What this task involves:
Could you restate word for word the lines running from the one with "懐かしのドラマ傑作選 ひと夏のプロポーズ Youtube" to the end of the data, both ends included, but without pictures?

Material for the task:
##########

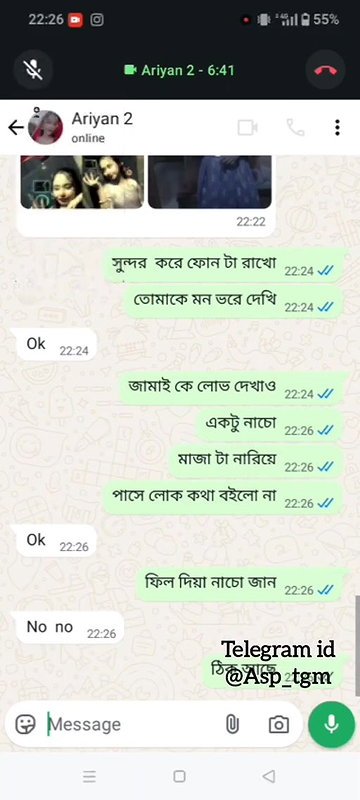 College Girl on VC with Lover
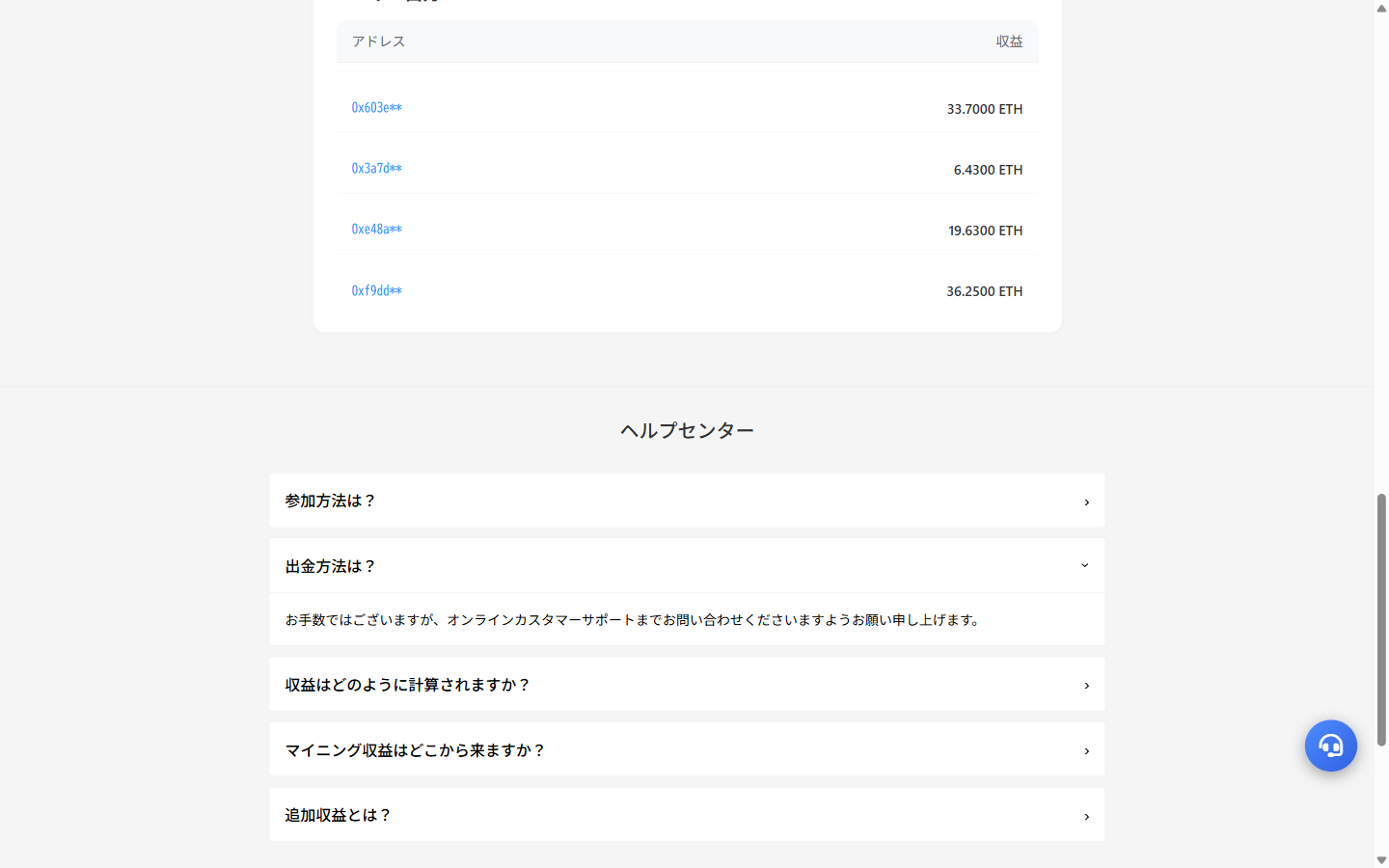 trusteweb3.comのヘルプセンターにある出金方法の回答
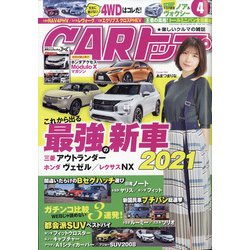 CAR (カー) トップ 2021年 04月号 [雑誌]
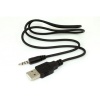 Кабель AUX шнур USB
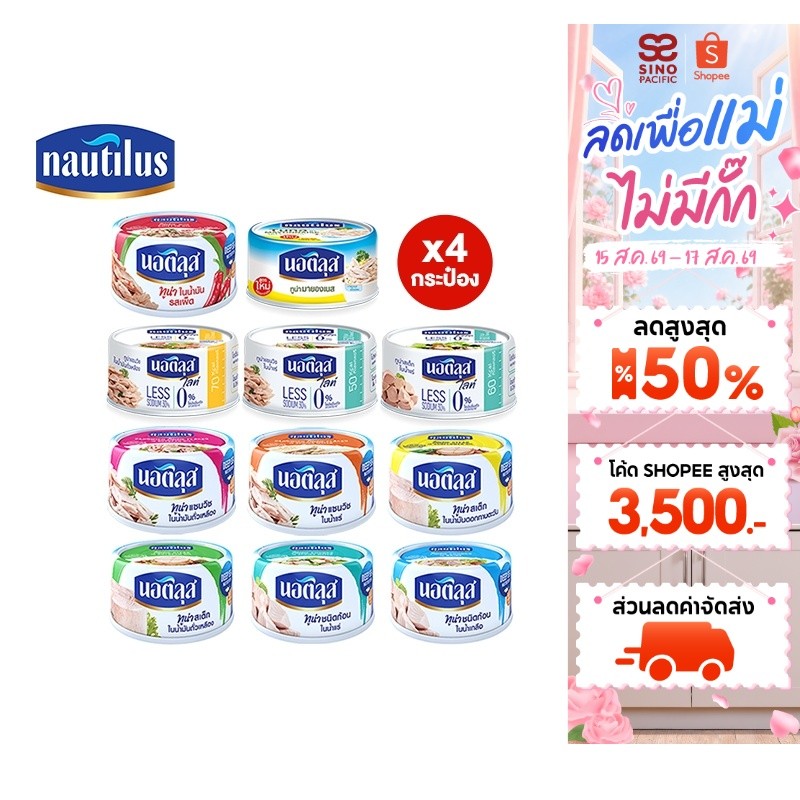 [แพ็ก 4] Nautilus นอติลุส ปลาทูน่ากระป๋อง 165-185 กรัม เลือก
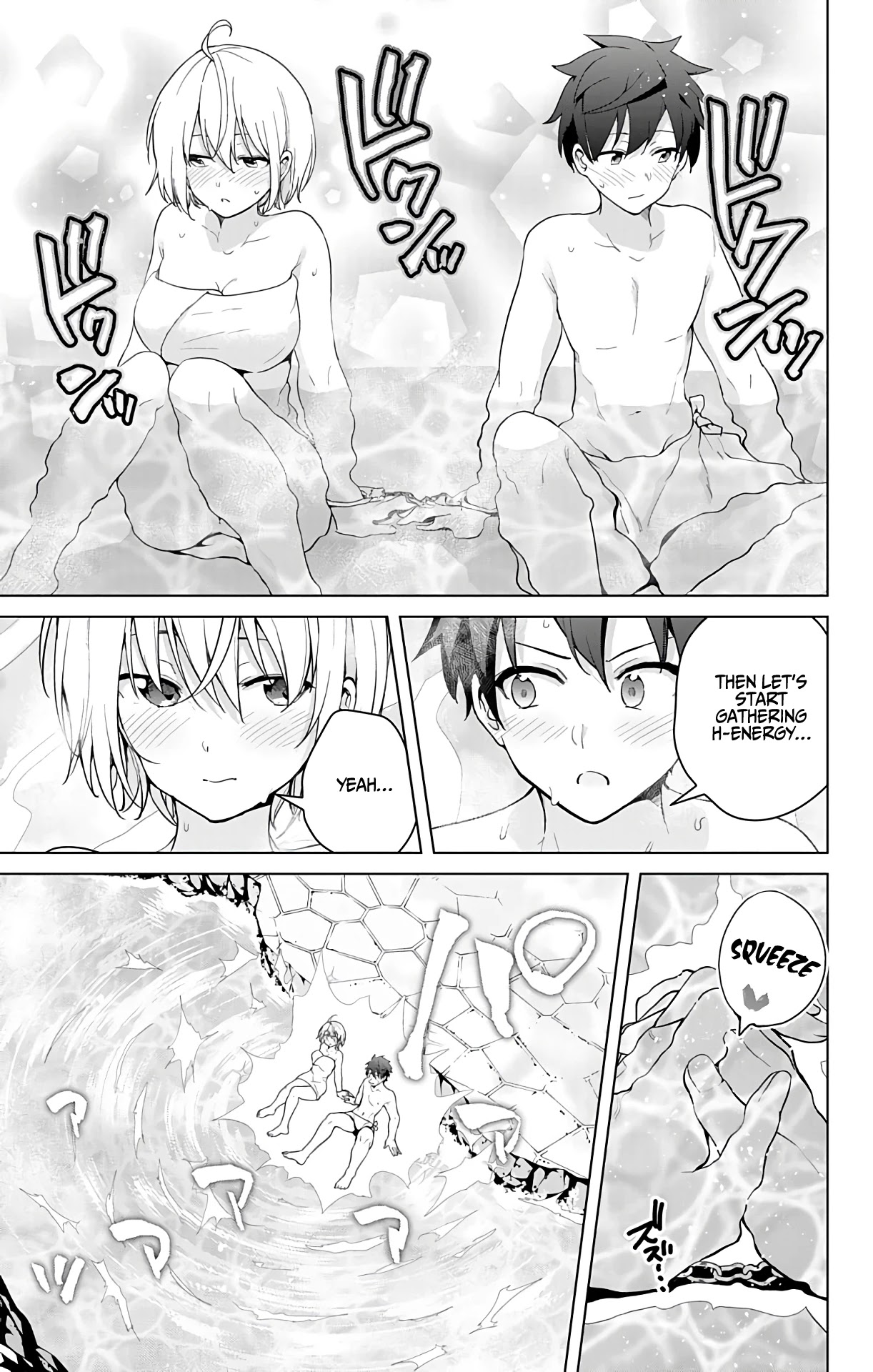 Dokyuu Hentai HxEros Chapter 35 - Page 40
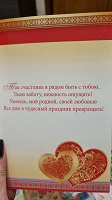 Отдается в дар Открытки
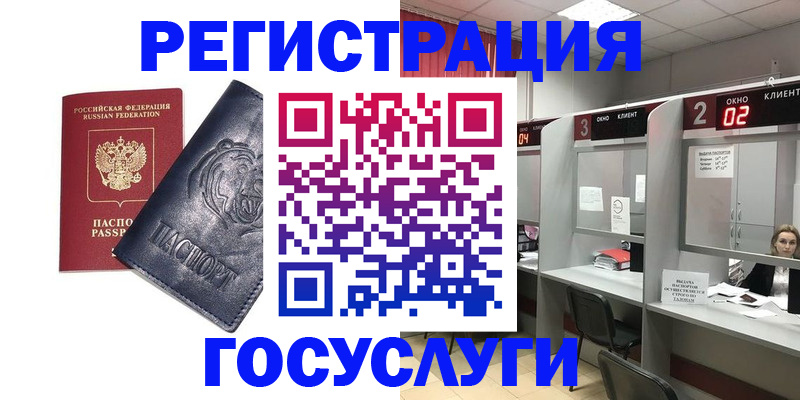 прописка для кредита в Волгодонске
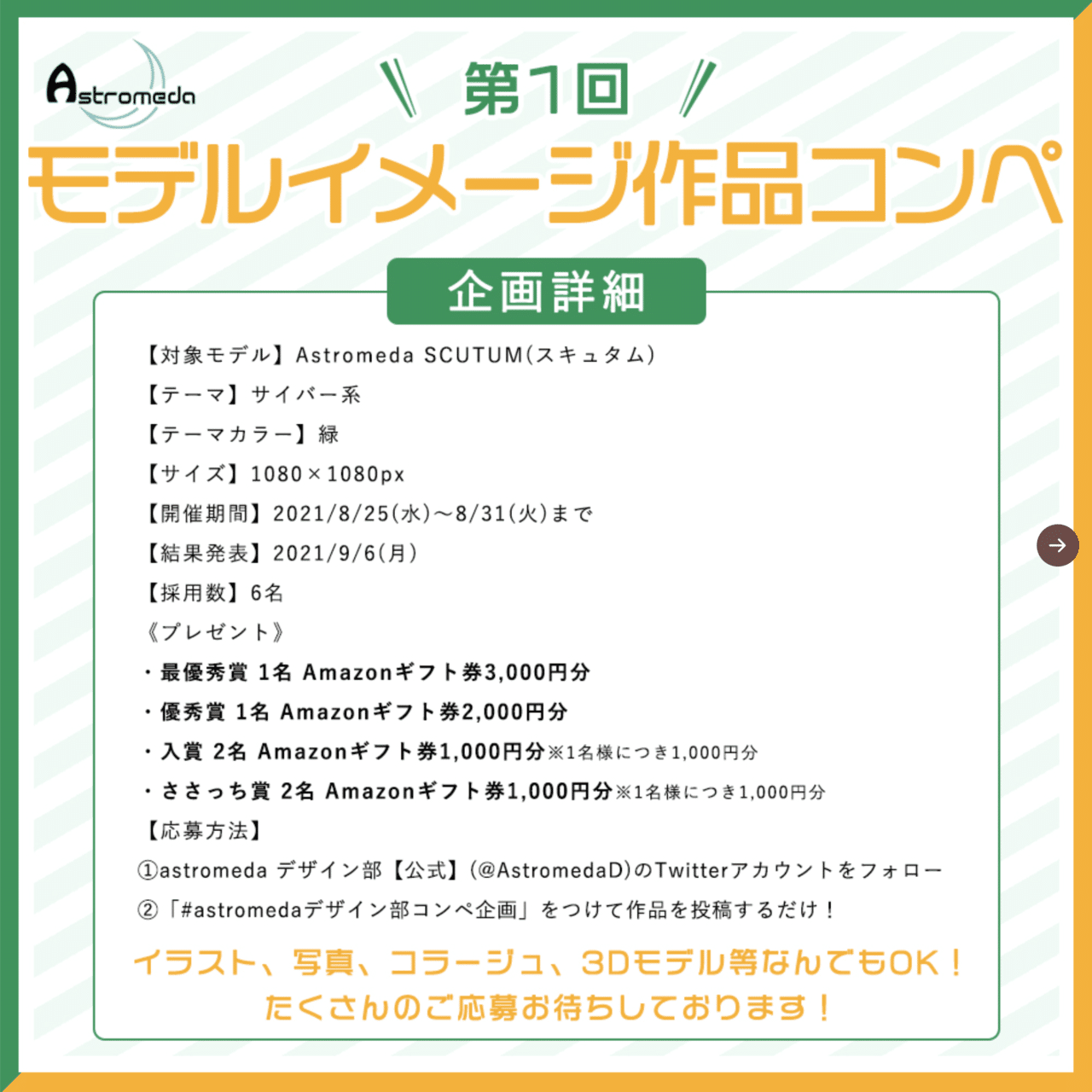 ゲーミングPCのデザインコンペで最優秀賞もろた話｜ゲラ／デザイナー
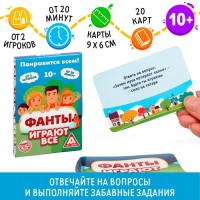 Фанты «Играют все», 20 карт, 10+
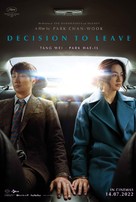 Decision to Leave - Singaporean Movie Poster (xs thumbnail)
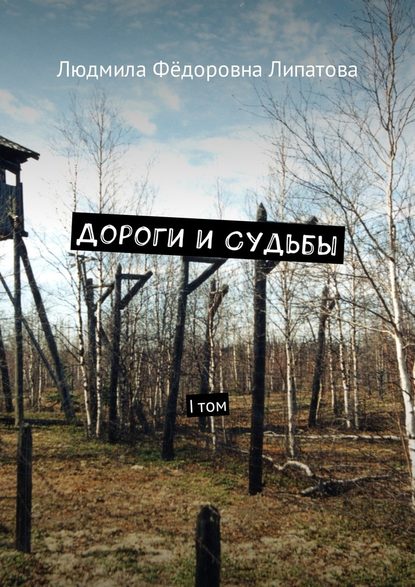 Дороги и судьбы. I том Дороги и судьбы. I том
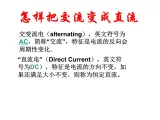 人教版高中物理选修3-2 6.5 课题研究 怎样把交流变成直流 课件（13张PPT）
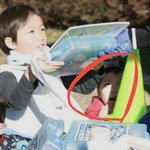 [TXT] 아 헐 야 이거 범규 <b>형아</b>분 아니냐?
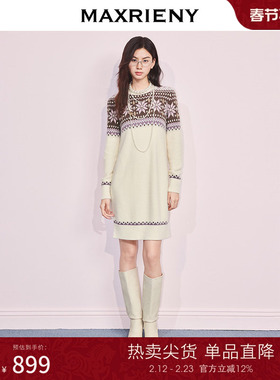 MAXRIENY慵懒复古风H型宽松针织裙25冬款费尔岛穿搭长袖连衣裙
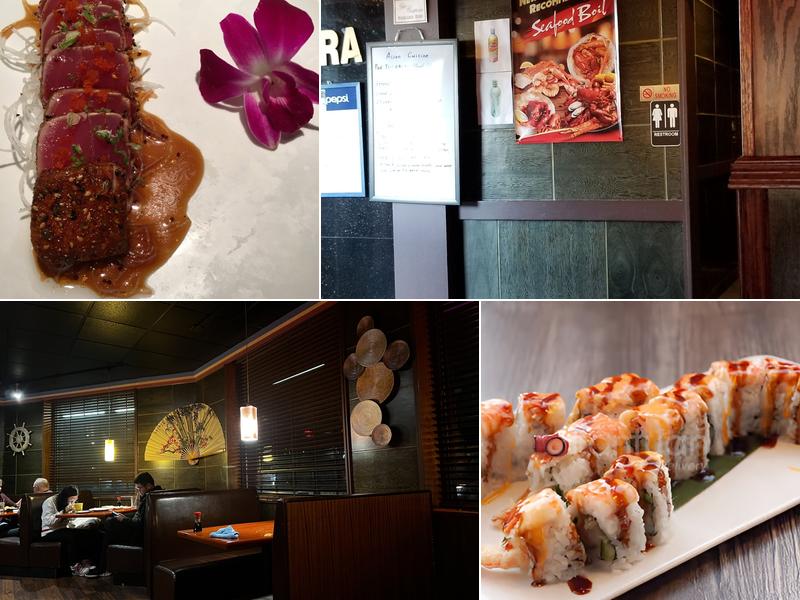 Sakura 1525 S Atherton St, State College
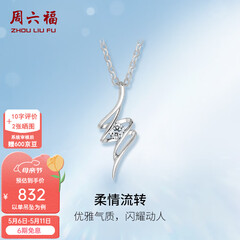 周六福（ZLF）  吊坠女18K金单钻钻石项链女轻奢小清新T售空节日礼物 吊坠（不含链）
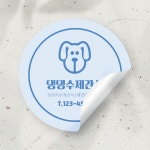 애견 수제간식 스티커 제작 / 동물병원 스티커 주문제작 / 원형 30 유광코팅 100매 r : 디작공 : 디자인작은공작소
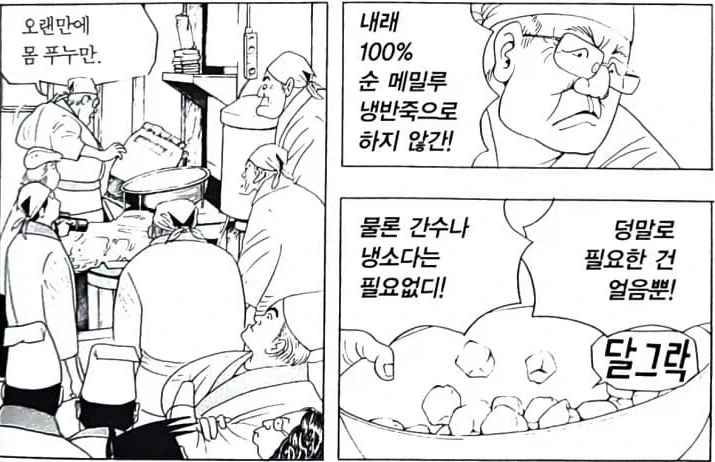 GPT 그림 뽑다 보면 ai에 지배당하는 느낌임 대표 이미지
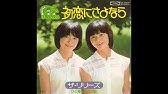 懐かしのドラマ傑作選 ひと夏のプロポーズ Youtube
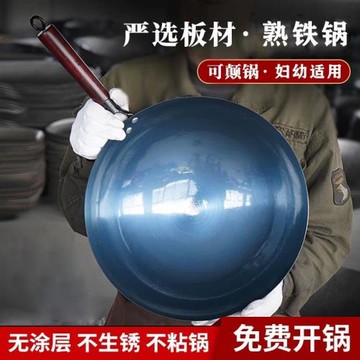 炒鍋不粘鍋炒鍋開好鍋鐵鍋無涂層鍋炒菜鍋鐵鍋已開鍋家用圓底炒鍋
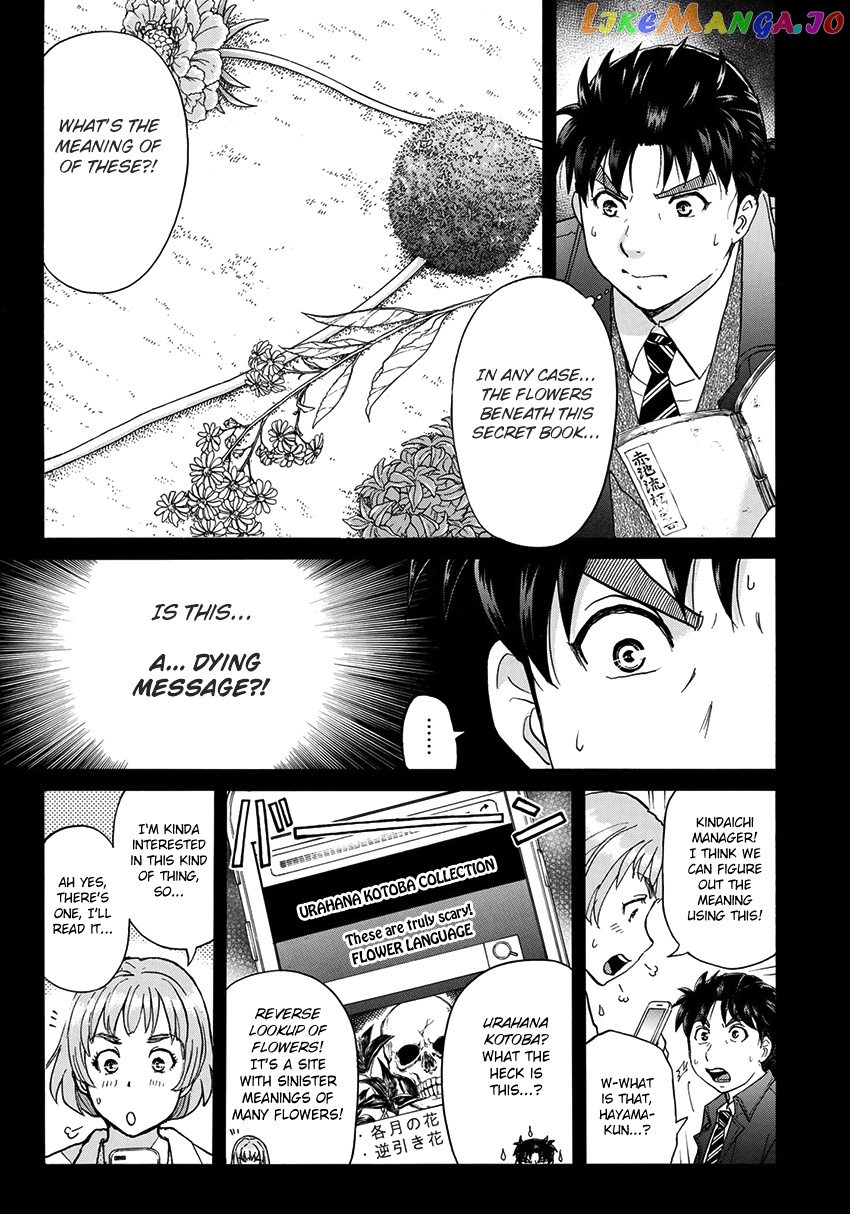 Kindaichi 37-Sai no Jikenbo chapter 34 - page 6
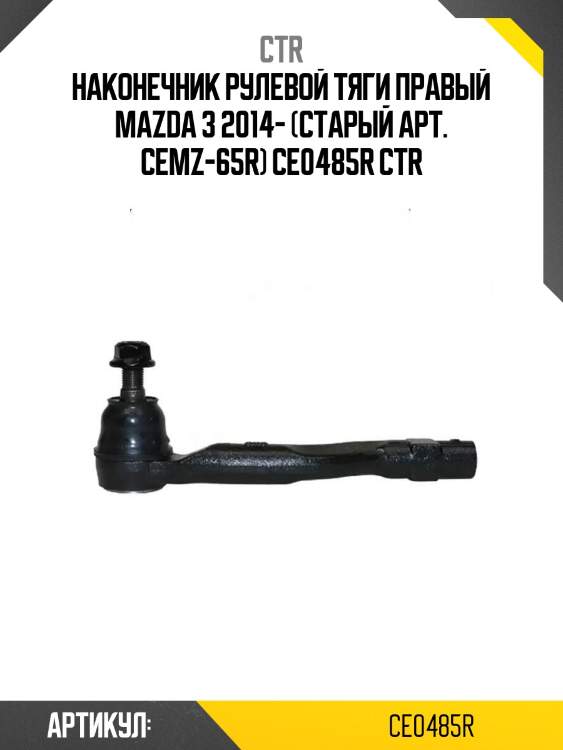 Наконечник рулевой тяги правый mazda 3 2014- (старый арт. cemz-65r) ce0485r ctr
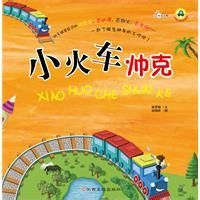 小火車帥克 小火車帥克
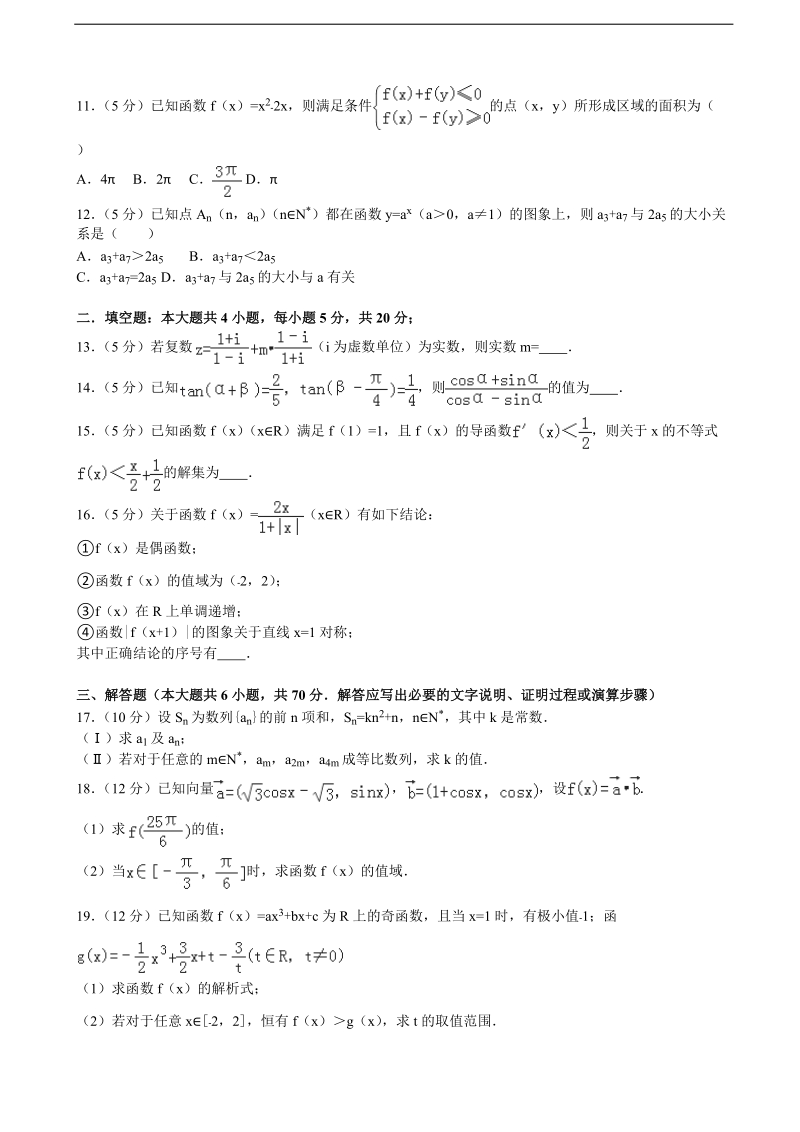 2015-2016届江西省宜春市丰城中学高三（下）第一次月考数学试卷（文科）（课改班）（解析版）.doc_第2页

##########

Exercise response:
 懐かしのドラマ傑作選 ひと夏のプロポーズ Youtube
 炒鍋不粘鍋炒鍋開好鍋鐵鍋無涂層鍋炒菜鍋鐵鍋已開鍋家用圓底炒鍋
 Kindaichi 37-Sai no Jikenbo chapter 34 - page 6
 Наконечник рулевой тяги правый mazda 3 2014- (старый арт. cemz-65r) ce0485r ctr
 小火車帥克 小火車帥克
 2015-2016届江西省宜春市丰城中学高三（下）第一次月考数学试卷（文科）（课改班）（解析版）.doc_第2页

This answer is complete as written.